Sunday, March 1, 2015

McGonigal (2008) Engagement Economy

2 - It's not just eyeballs/attention, it's getting engagement

Need to turn attention into engagement - "participation bandwidth"

5 - Participation networks all share the same operating model:
-create large scale communities capable of producing valuable data, ideas, or content
The creative output will only be applied & monetized if the community is large and active enough to produce something novel.

Value out output = quantity & quality of participation

Is there a limit to the quantity & quality of output? (author asks)
Engagement is limited in that a person can only expend so much in a certain time frame.
5 - "participation is designed as an active process requiring some mental effort"

As it becomes easier to launch crowdsorucing campaigns, people can only participate so much in each. (Thus, competition develops between campaigns)

7 - Operators must learn how to optimize "personal participation bandwidth" - the amount of participation we can contribute
Requirements:
"thought hours" - mental effort required to create something of value
"community scope" - the measure of diversity of membership a project requires

 8 - "changing leisure activities (not in quote - such as watching less TV and using the internet more) combined with the rise of mass collab investment at the workplace means society's overall participation bandwidth is on the rise."

But with so many project, participation will be spread thin and projects will fail to reach the required "thought hours" and "community scope"

Calls for best practices to be established to make projects work
-maximize participation for members who participation bandwidth is diffused
-minimize crowd turnover

11 - Four Main Areas Driving Mass Collaboration:
1. Create Emotional Incentives
-History has shown financial incentives don't work
12 - Money is not the most important currency - Emotion is!

Economist Edward Castranova - people seek participation to produce emotional highs connected with accomplishing something, feeling capable

Nicole Lazzaro - calls this "fiero" (Italian for rush of pleasure)

Developers should design feel-good tasks that can be accomplished easily

BJ Fogg - "behavior change framework" - you can give people more ability through education & training or you can just make the target behavior simpler (BJFogg.com)

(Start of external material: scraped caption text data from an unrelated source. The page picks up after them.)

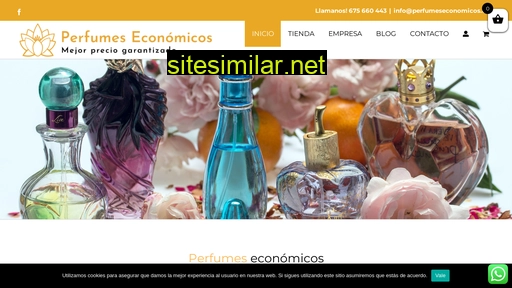 perfumeseconomicos.com alternative sites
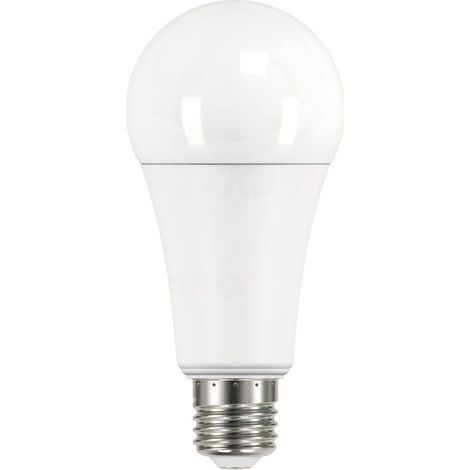 Bombilla LED E27 19W luz fría 15000h Kanlux IQ-LED 33748 (1/2)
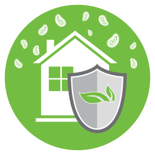 House Protection Icon — Parkland, FL — Water Damage Solutions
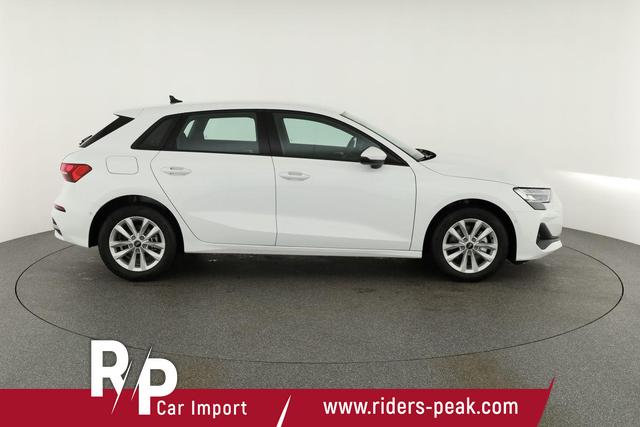 Audi A3 Sportback 35 TDI S-Tronic, Navi, Sound, Kamera, LED, Side, Winter 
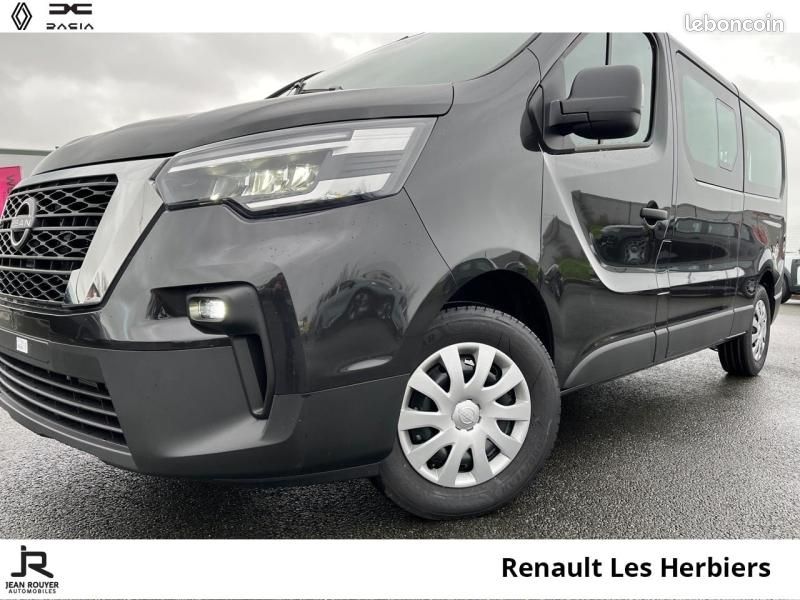 Nissan Primastar Combi L2H1 3t0 2.0 dCi 150ch N-Connecta BVA9 (image 8)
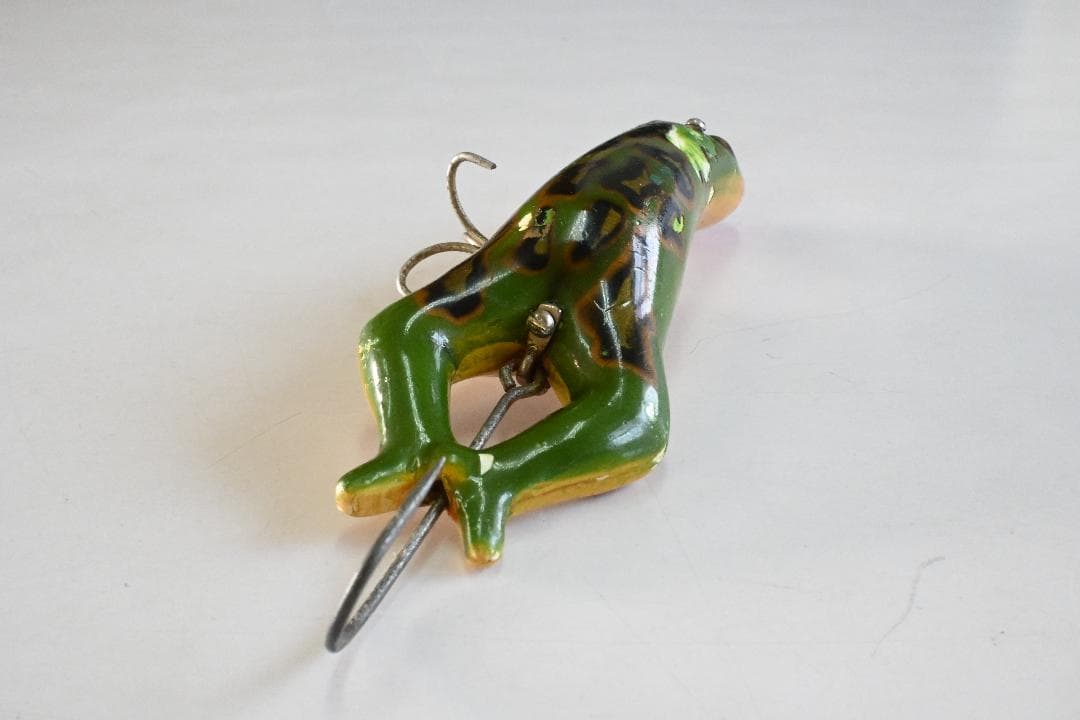 ルアー・フライ HEDDON LUNY FROG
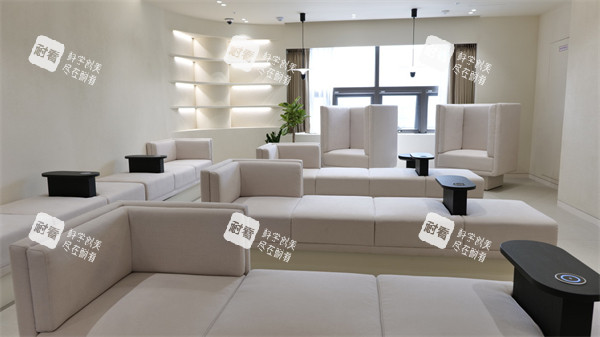 韩国釜山JRYN皮肤科南浦店等候区环境 韩国釜山JRYN皮肤科南浦店等候区环境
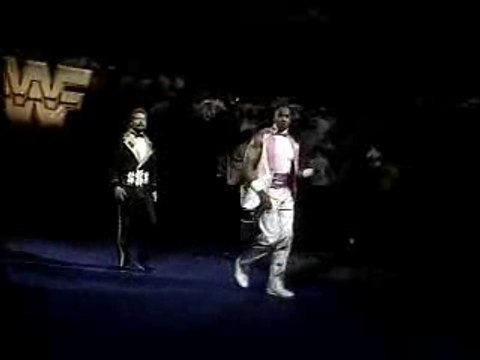 Dusty,Dustin Rhodes vs. Dibiase,Virgil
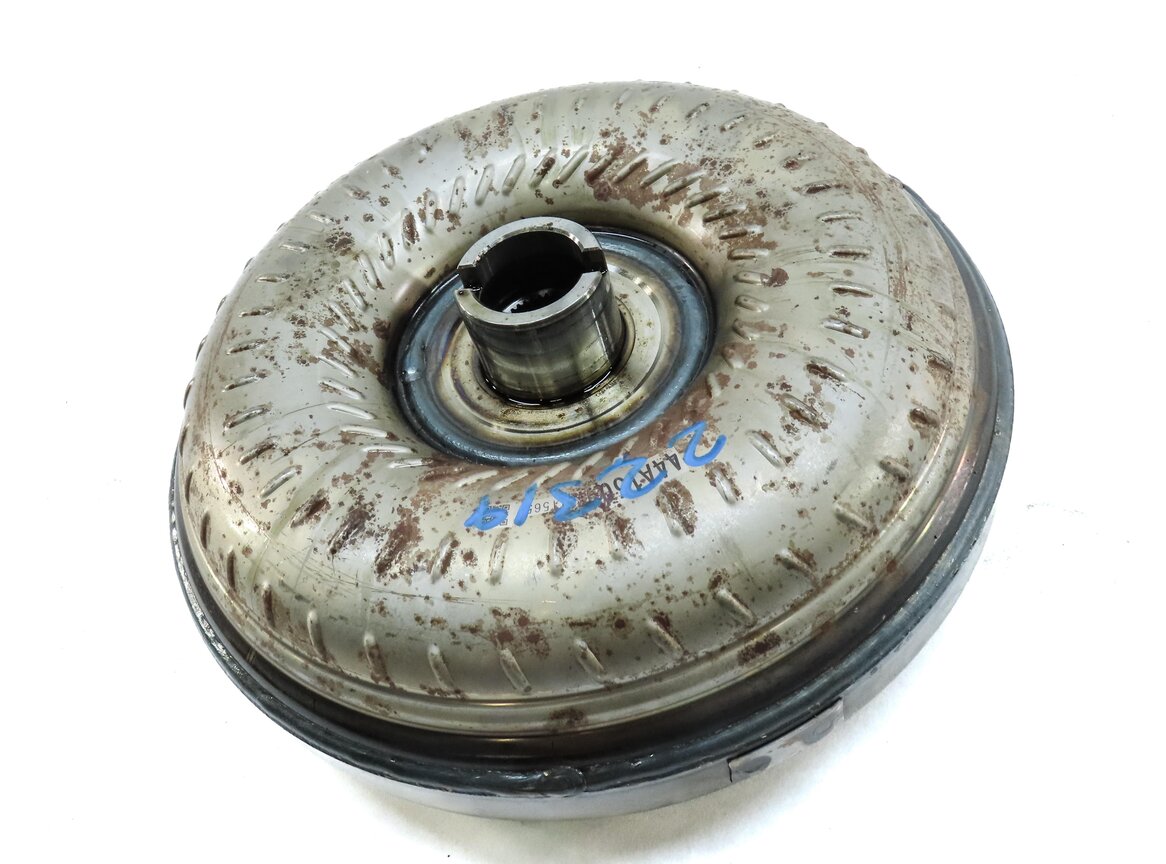 Thumbnail 2: 12-15 LAND ROVER LR2 RANGE ROVER EVOQUE L538 AUTO TRANSMISSION TORQUE CONVERTER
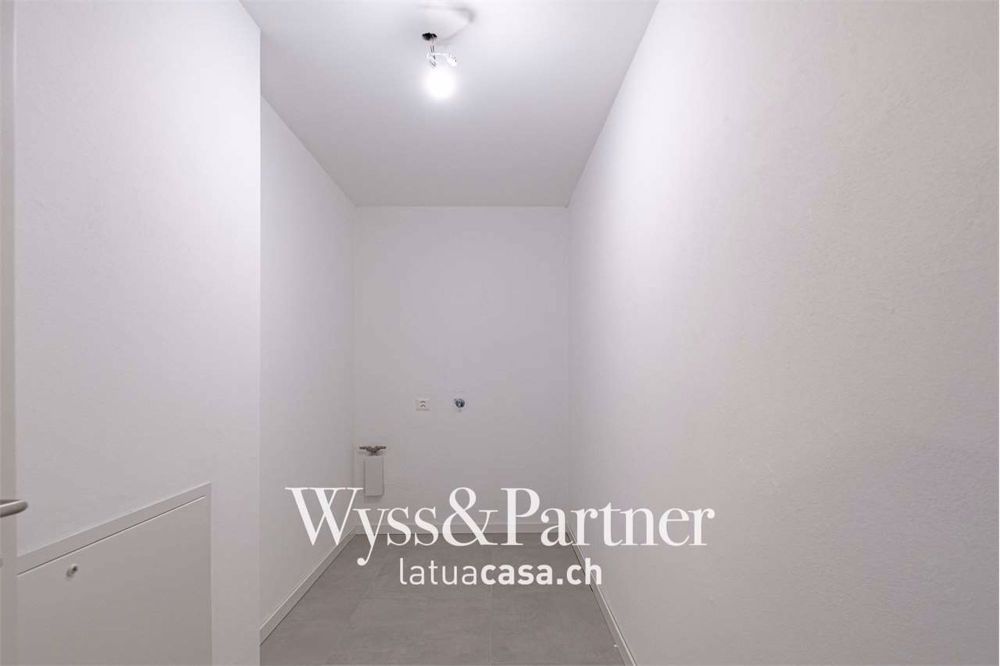 Bellinzona, 1,5 Zimmer Teilweise möbliert in Panorama-Lage - Bild 7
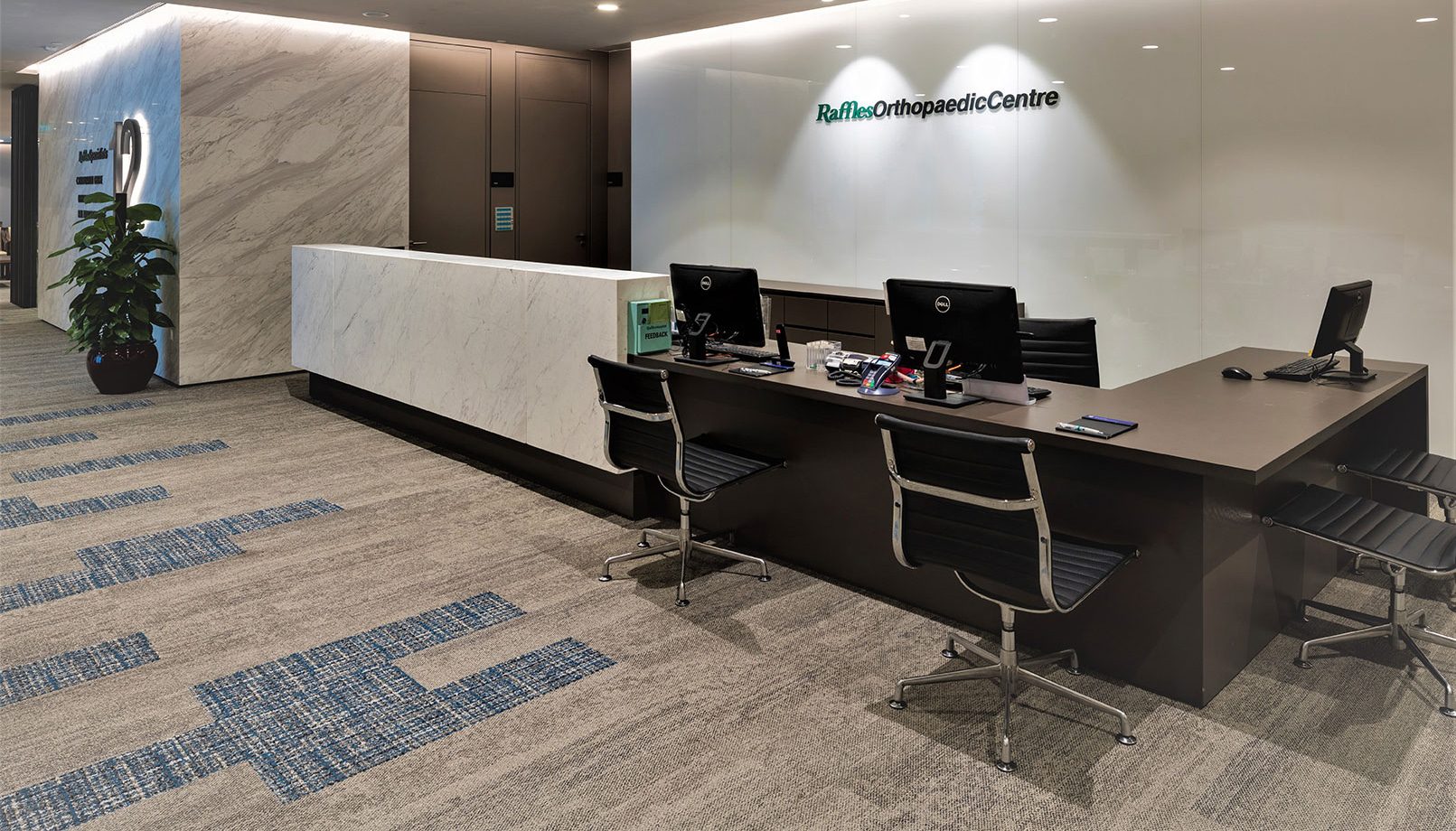 Trung tâm Chấn thương Chỉnh hình Raffles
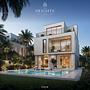 Salva - Villa in Top-Community -
4 BR mit Pool - THE_HEIGHTS_4br_type_a_back_the_heights_3D_render_by_VV
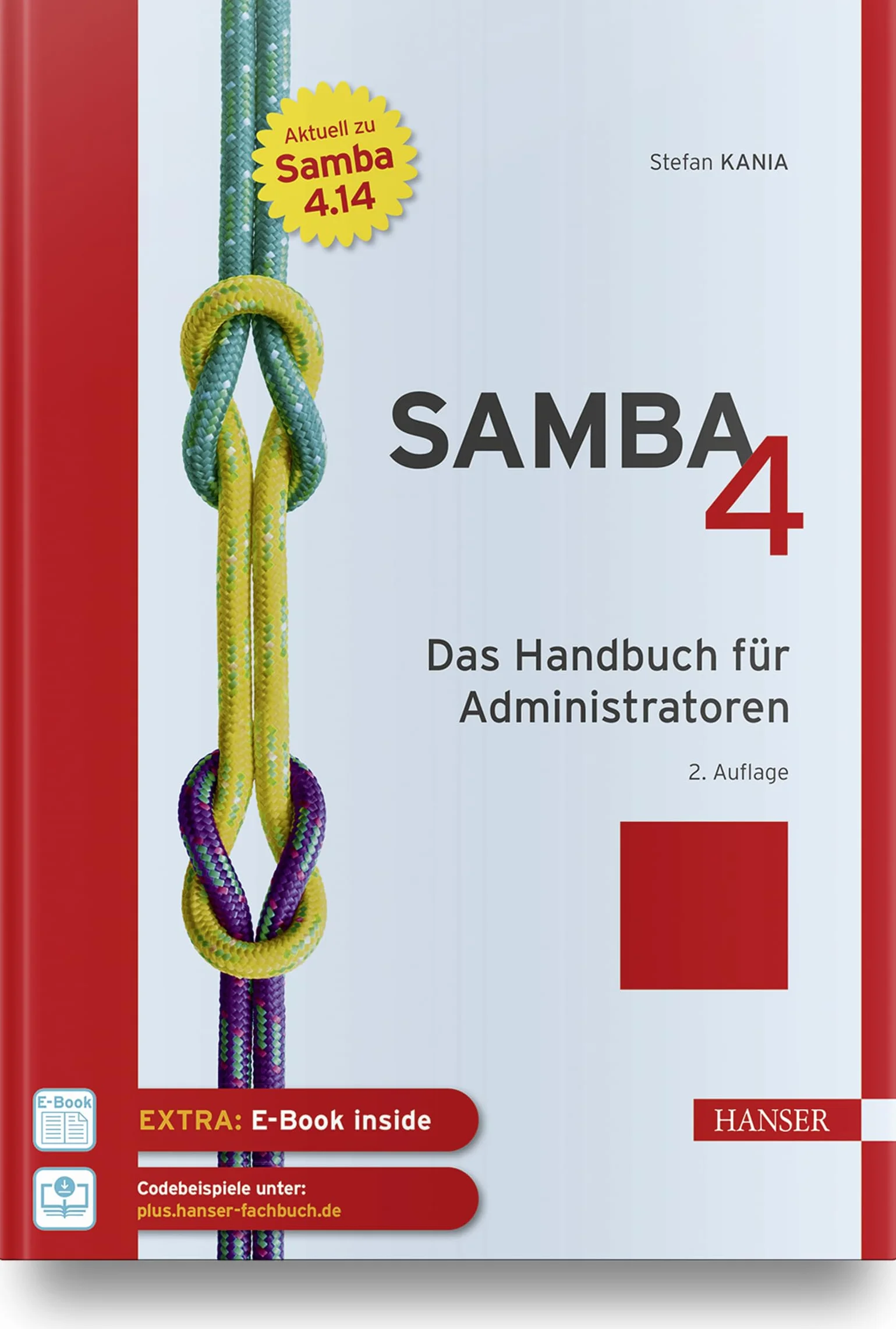 Samba 4: Das Handbuch für Administratoren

Shirky confirms that the pleasures of accomplishments and the feeling of competence are basic drivers of participation
Shirky: 3 basic motivational factors
-exercise unused mental capacity (emotion of feeling smart)
-vanity (capability to have your finger print on something big)
-desire to do a good thing

14 - the Pyramid of participation - first coined by 42Entertainment Game Company
-the peak supports the entire community
-emotionally, the bottom supports the top

15 - BJ Fogg's behavior change framework is a useful tool to help motivate the bottom of the pyramid
-trigger involvement - email, SMS, Facebook poke, etc
-motivate - (Yee calls it "the labor of fun")

Pyramid: Top (Achievement), Middle (Social), Bottom (Immersion)
This can help projects better target members of their community

16 - What is fun? It's a "very specific kind of self-imposed work"

17 - Leveling - rewarding productive users with new levels can ultimately invert the pyramid

18 - Projects should ensure "zero unemployment" - users should something to do at all times

19 - ***Major Point - "many crowd sourcing and mass collab projects fail to achieve viability, often because they are designed to capture attention rather than create engagement."

I would argue that attention precedes engagement. Engagement should not replace attention. They need to do both.